While these three global scenarios should serve to illustrate the potential benefits of most DOE applied R&D programs, if a particular program is designed to provide benefits under some other set of circumstances, the DOE and/or review panels are invited to consider benefits in additional scenarios. In such a case, the alternative scenario should be described clearly and its benefits for this scenario should be calculated and reported in a manner consistent with the principles outlined elsewhere in this report. It should be considered in addition to the three global scenarios considered in the prospective benefits matrix—that is, it should not be
viewed as a substitute for or a modification of one or more of those scenarios.

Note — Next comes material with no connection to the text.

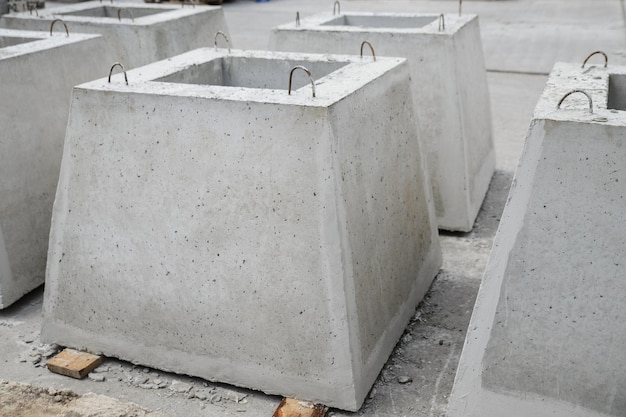 Foto nieuwe fundering van gewapend beton voor de kolom in het magazijn van de fabriek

THE DECISION TREE FRAMEWORK
The estimated benefit of a program is subject to multiple sources of uncertainty, both as a result of what happens in the program itself and what happens to the alternative technologies or in the policy environment. The basic principle of program assessment remains the same as in a retrospective analysis: Find the difference between social benefits with the government program and without it. However, the implications of the various uncertainties must be considered carefully. In this section, the formal mechanism for estimating benefits—the decision tree framework—is described. First, some of the key factors to consider in benefit assessment are discussed.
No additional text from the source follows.